Dozens die as Russian city raided

Russian troops
Troops are hunting down those who carried out Thursday's attacks
Militants have staged mass raids on government and police buildings in a provincial capital in Russia, leaving dozens dead and many more injured.

Authorities say that 61 rebels have been killed, but 12 police and 12 civilians also died in the assault on Nalchik in Kabardino-Balkaria province.

Officials say militants are holding hostages at a police station in the city, which has been sealed off.

Militants from nearby Chechnya are believed to be behind the attacks.

A pro-rebel website said a group known as the Caucasus Front had claimed the attack.

The raid is the latest in a series of disturbances that have been destabilising Russia's North Caucasus for more than a year.

Nalchik is about 100 km (60 miles) north-west of Beslan, where Chechen rebels took hundreds of hostages at a school in 2004, in an attack claimed by warlord Shamil Basayev.

'Find the bandits'

Dozens of men armed with rocket launchers are said to have been involved in the fighting which broke out early on Thursday.

Smoke rises over Nalchik

The BBC's Emma Simpson in Moscow says this appears to have been an all-out attack on Nalchik's law enforcement and security services.

A local Interior Ministry source told Itar-Tass that rebels launched a "carefully planned" simultaneous attack on police stations, security forces, military and drugs-control offices and the airport.

"All hell broke loose, and the impression was that there was shooting everywhere," a resident told Reuters news agency.

A school was also caught up in the running gun-battles, as black smoke billowed across the city.
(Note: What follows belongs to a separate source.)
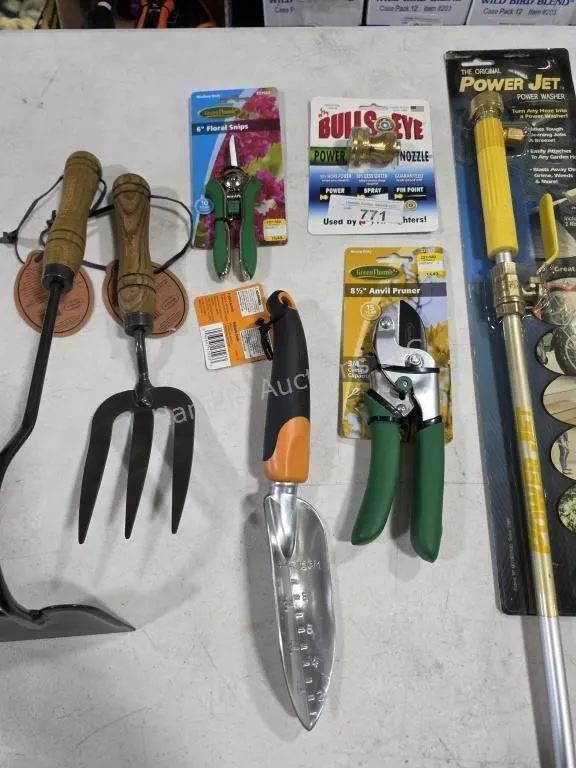 Garden items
President Vladimir Putin responded with an order for the city to be sealed off and for forces to shoot any armed resisters.

Officials said two small groups of fighters were holed up in a police station and a shop and were holding small numbers of hostages, but there was no shooting elsewhere.

Deputy Interior Minister Andrei Novikov told reporters that 61 militants had been killed.

"The city has been taken under firm control. Not one car, not one train, not one bus will go past without being closely checked," Deputy Interior Minister Alexander Chekalin said.

"Now our main task is to find the bandits in the city, including their wounded."

Website claim

The pro-rebel Kavkaz Center website said that a detachment of the Chechen-linked Kabardino-Balkaria jamaat, called Yarmuk, had entered Nalchik.

Russian forces in Nalchik
Gunfire was heard throughout the city

The use of the word jamaat indicates that it is made up of radical Islamic fighters.

Correspondents say violence in Kabardino-Balkaria has been steadily increasing.

Political changes and a harsh crackdown on alleged Islamic militants appear to have pushed the region to the verge of instability, the BBC's regional analyst Steven Eke says.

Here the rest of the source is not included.